La hausse des salaires n'accélère pas l'inflation

A partir d'une étude empirique, des chercheurs du FMI concluent qu'une hausse des salaires ne conduit pas à enclencher une spirale salaires-prix rendant l'inflation incontrôlable. Mais les décideurs politiques préfèrent des mesures transitoires et laisser chaque entreprise mener ses négociations salariales pour s'ajuster à une hausse générale des prix qui, montre l'étude, ne s'installe pas dans la durée.
Robert Jules
(Crédits : Reuters)

« Nous ne sommes pas dans une économie administrée », répondait à la fin du mois dernier, Emmanuel Macron, à ceux qui réclamaient une indexation des salaires sur l'inflation (+6,2% sur un an en octobre). Le président justifiait son refus en avançant qu'une telle mesure était de nature à « entretenir la hausse des prix » et créer « une boucle qui ne s'arrête plus », la fameuse « spirale salaire-prix ». En juillet déjà, annonçant le premier relèvement des taux directeurs après huit années de taux négatifs, Christine Lagarde, la présidente de la Banque centrale européenne (BCE), indiquait veiller à éviter que s'enclenche « une spirale salaire-prix, comparable à celles qui, par le passé, ont conduit à une inflation incontrôlable ».

Lire aussiBCE : jusqu'où porter les taux pour ramener l'inflation à 2% ? Et faut-il s'accrocher à cet objectif ?

A première vue, une évidence

Cette crainte d'un tel phénomène est-elle fondée ? A première vue, oui. Une hausse générale des prix augmente le coût de la vie et réduit le pouvoir d'achat des ménages qui en retour demandent une augmentation compensatoire de leurs revenus. Cela entraîne en retour une hausse des coûts de production pour l'entreprise qui, pour éviter de réduire ses marges bénéficiaires, la répercutent sur ses produits, alimentant une nouvelle hausse des prix, et créant ainsi une boucle ressemblant à un cercle vicieux duquel il est difficile de s'extirper sans une forte hausse des taux. En théorie, l'explication du phénomène paraît évidente, mais en réalité, elle ne l'est pas, répondent plusieurs économistes du Fonds monétaire international (FMI) dans un document de travail publié sur le blog de l'institution (1), réalisé à partir d'exemples empiriques.

Ces chercheurs ont analysé une base de données intégrant plusieurs pays et remontant jusqu'aux années 1960 pour trouver combien de fois les spirales salaire-prix se sont produites, et en examiner leurs conséquences. L'article est technique, mais il arrive à plusieurs constats. Ainsi, si l'on prend comme définition d'une spirale prix-salaire, une accélération de la hausse des prix à la consommation et celle des salaires nominaux durant trois mois consécutifs sur quatre pris en compte, le nombre de cas est assez réduit: 79 entre 1973 et 2017. En les analysant, ils constatent, outre la brièveté des périodes de hausses des prix, que « l'inflation et la croissance des salaires nominaux ont eu tendance à se stabiliser, laissant la croissance des salaires réels globalement inchangée ». Par ailleurs, notent-ils, « une décomposition de la dynamique des salaires à l'aide d'une courbe de Phillips des salaires suggère que la croissance des salaires nominaux se stabilise normalement à des niveaux compatibles avec l'inflation observée et les tensions sur le marché du travail ».
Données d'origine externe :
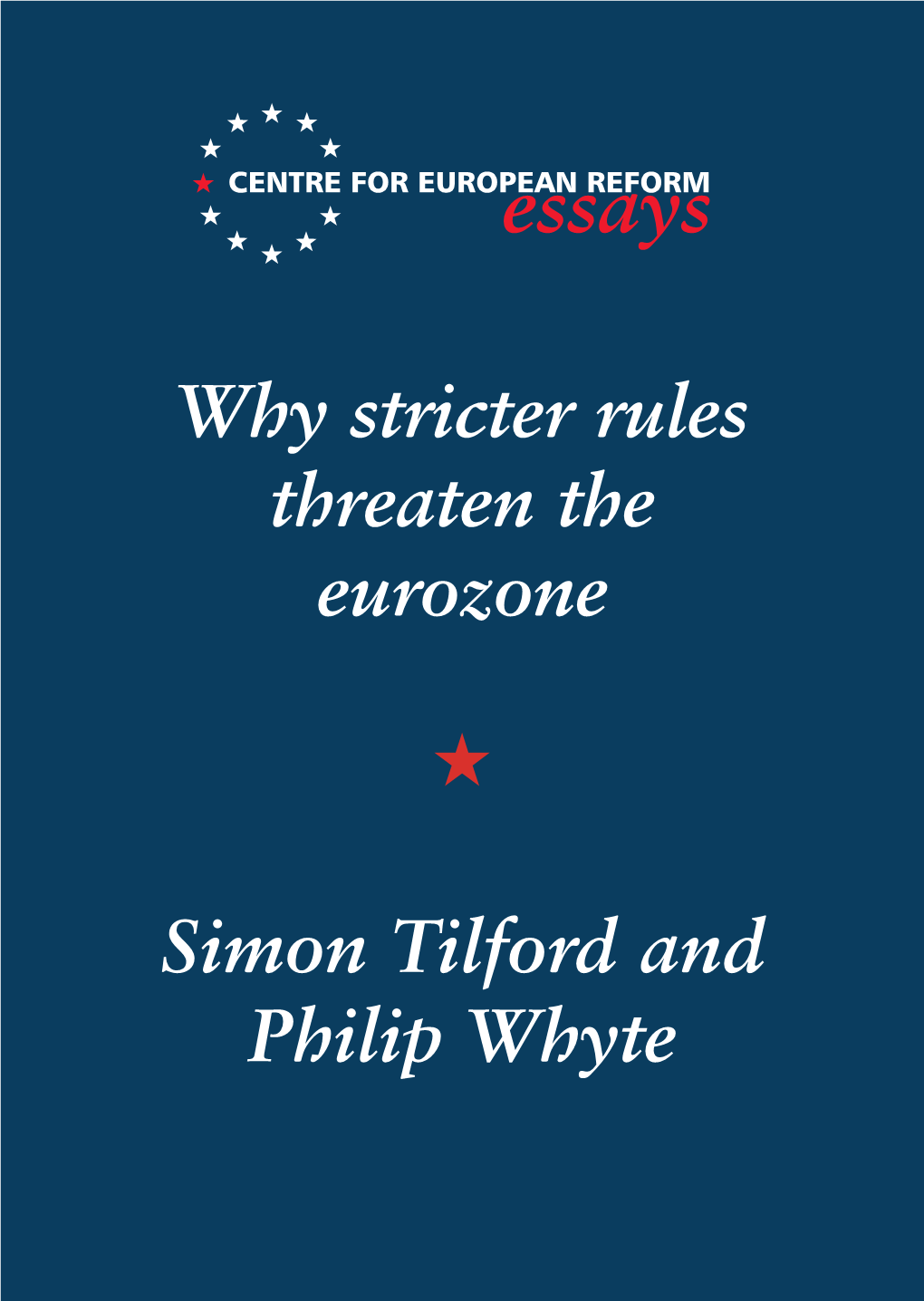 Why Stricter Rules Threaten the Eurozone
Même résultat avec une inflation liée aux matières premières

En outre, en prenant les 22 cas cas les plus récents, caractérisés par « une baisse des salaires réels et un resserrement des marchés du travail », les chercheurs constatent que la spirale est suivie par « une baisse de l'inflation et une croissance des salaires nominaux permettant aux salaires réels de rattraper leur retard ». L'article montre également que le phénomène est identique dans le cas d'une inflation nourrie par une hausse des prix des matières premières, ce qui est notamment le cas aujourd'hui pour les prix de l'énergie et de l'alimentaire, en raison notamment du conflit en Ukraine.

Finalement, « une accélération des salaires nominaux ne doit pas nécessairement être considérée comme le signe qu'une spirale salaire-prix s'installe », concluent les chercheurs.

Cette conclusion à partir de données empiriques peut donc remettre en cause le refus d'une indexation des salaires sur l'inflation qui apparaît davantage fondée sur des considérations de prudence politique qu'économique. En France, comme dans d'autres pays, le gouvernement a préféré opter pour des mesures transitoires pour atténuer la perte de pouvoir d'achat des ménages : bouclier tarifaire, mécanisme encadré de défiscalisation des primes, et, encore à l'étude, celui d'un «partage de la valeur » via un « dividende salarié ». Quant à la revalorisation salariale, Emmanuel Macron renvoie aux négociations dans chaque entreprise, avec le risque d'accentuer les inégalités entre salariés des grandes entreprises et nombre de PME et d'ETI qui sont dans une situation plus délicate.

En réalité, le gouvernement, comme dans d'autres pays, compte sur un reflux de l'inflation dans les prochains mois, et une normalisation de la situation économique via les ajustements des acteurs, comme le montre d'ailleurs l'étude des chercheurs du FMI.

L'exemple de l'accord d'IG Metall

Sur ce point, l'accord signé la semaine dernière outre Rhin entre le patronat allemand et le syndicat IG Metall, qui menaçait le pays d'une grève dure, est instructif. Il entérine une hausse des salaires de 8,5% sur deux ans (5,2 % en 2023 et 3,3% en 2024) et une « prime inflation » défiscalisée de 3.000 euros, pour 3,9 millions de salariés de secteurs industriels clés comme l'automobile. Cette revalorisation est inférieure à l'inflation qui, en Allemagne, est au plus haut depuis 70 ans, culminant à 11,6% menaçant la première économie européenne de récession. Mais il faudra attendre plus d'un an pour savoir si l'accord a été bénéfique pour les salariés, notamment en regardant le taux de l'inflation.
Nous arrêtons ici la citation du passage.